Ripe Restaurant was a place where the palate was entertained, the senses explored and seduced. It was where you ate wonderful food that caused you to wax poetic, dream of beaches and coconut trees and sometimes even of half-naked women riding horses under moonlit skies. I have known that thrill to be honest. You could even conjure up the sound of rain on a zinc roof when Bob Marley who was always present in spirit sang ‘Is this love”.  The spices, the rum, the lilting laughter of the very mixed clientele from all over the Tri State, yes, all over the Tri State. The photograph- lined walls of the many triumphs over Bobby Flay and his many attempts to best Nigel Spence, photographs of events, artistic exhibitions, and writers and their semi-brooding followers, sports figures.

Everyone wanted to eat at Ripe, because Ripe was ripe with pleasures ancient and new, pleasures to be experienced after you ate the food served by the ever friendly servers who came to know you by your first name and always remembered you, they would constantly remind the not-black folks, “remember the pepper enuh” and the not-black –folks would reply,”yah man”. We were truly at one, and in peace with our food, music and our ice cold red Stripe beers, which by the way is the only real Beer on this side of the planet. I will debate that with my last breath, don’t try me.

ON FRIDAY MAY 29 in the wee hours of the morning there was a spark and then a flame and the entire building was razed to the ground and then some. Nigel was getting ready to reopen next week after Covid-19. The store was just restocked from top to toe and was primed to welcome the likes of me and the entire neighborhood for whom his store had become a fixture. Ripe fed the neighborhood. We may have lost a feature of our daily activities but for Nigel its seventeen years of him giving birth to this dream and watching it grow into what was well on its way to becoming a landmark of the North East Bronx and the wider diaspora. I know what he has lost. His child is dead. That is how it feels. You become your dreams when you extend them for all to see as you nurture and tend what became a living thing.

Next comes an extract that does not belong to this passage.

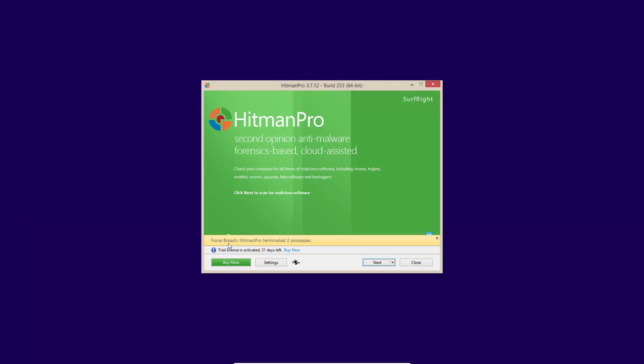As you can see, it says Hitman Pro terminated two processes. This software is so simple to use, their entire interface can be thought of as a wizard. It's a process and you complete it and your system is clean. Just keep in mind, Hitman Pro uses Bitdefender and Kaspersky scan engines.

THE FIRE did not have compassion, nor did it care that it was killing seventeen years of a living dream, not a dream deferred, but a dream realized and thriving. The fire burned brightly and did such a thorough job one could recommend it for giving its best, but Nigel was burning too. The staff, the associates, Mel, Lyndonna, Seamus, and many others who I know, are deeply scarred, we came a long way with this project. We nurtured, we watered, we supported, we sounded the clarion, we did all we could to make this dream live to be the pride and joy of Nigel Spence. We loved Ripe Restaurant and I love Nigel Spence and his crew, and am devastated that when Ripe needed me most I was asleep.

AS WE LEAVE THE SCENE, we take into consideration the Covid-19 Pandemic, the racial inequities, the murders, the community fires set out of four hundred years of inherited suffering and pain; nothing is palatable, this is not a time to feast or rejoice, although our faith suggests otherwise.

Today is Pentecost Sunday and another fire has come to us in the fire of The Holy Spirit. I choose to accept what my faith teaches and will stand firmly beside Nigel Spence as he mourns, for he must! I stand with my “Ripe” friends and supporters and am thankful that no physical harm came to anyone. I am grateful for the fire department who acted quickly to contain the blaze within the confines of the premises, and “though much is taken, much abides”.

RIPE RESTAURANT

MOUNT VERNON, NEW YORK.

One thought on “WHEN YOUR CANOE UPENDS AND THE OARS FLOAT AWAY.

  1. Beautifully written. I feel like I used to eat at “ripe”. Thank you Lord no one was hurt in this fire.